Vault is primarily used in production environments to manage secrets. As a result, any downtime of the Vault service can affect downstream clients. Vault is designed to support a highly available deploy to ensure a machine or process failure is minimally disruptive.

»Design Overview

The primary design goal in making Vault highly available (HA) was to minimize downtime and not horizontal scalability. Vault is typically bound by the IO limits of the storage backend rather than the compute requirements. This simplifies the HA approach and allows more complex coordination to be avoided.

Certain storage backends, such as Consul, provide additional coordination functions that enable Vault to run in an HA configuration. When supported by the backend, Vault will automatically run in HA mode without additional configuration.

When running in HA mode, Vault servers have two additional states they can be in: standby and active. For multiple Vault servers sharing a storage backend, only a single instance will be active at any time while all other instances are hot standbys.

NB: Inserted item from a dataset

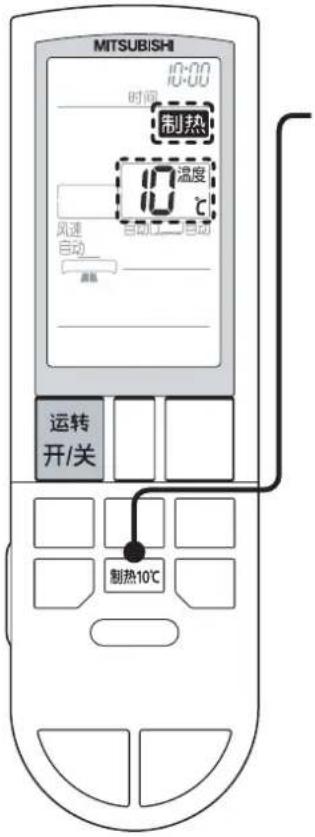 MITSUBISHI 10:00 时间 制热 10°C 风速 自动 自动门二自动 温度 运转 开/关 制热10℃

The active server operates in a standard fashion and processes all requests. The standby servers do not process requests, and instead redirect to the active Vault. Meanwhile, if the active server is sealed, fails, or loses network connectivity then one of the standbys will take over and become the active instance.

It is important to note that only unsealed servers act as a standby. If a server is still in the sealed state, then it cannot act as a standby as it would be unable to serve any requests should the active server fail.

»Performance Standby Nodes (Enterprise)

Performance Standby Nodes are just like traditional High Availability standby nodes but they can service read-only requests from users or applications. Read-only requests are requests that do not modify Vault's storage. This allows for Vault to quickly scale its ability to service these kinds of operations, providing near-linear request-per-second scaling in many common scenarios for some secrets engines like K/V and Transit. By spreading traffic across performance standby nodes, clients can scale these IOPS horizontally to handle extremely high traffic workloads.

If a request comes into a Performance Standby Node that causes a storage write the request will be forwarded onto the active server. If the request is read-only the request will be serviced locally on the Performance Standby.

Just like traditional HA standbys if the active node is sealed, fails, or loses network connectivity then a performance standby can take over and become the active instance.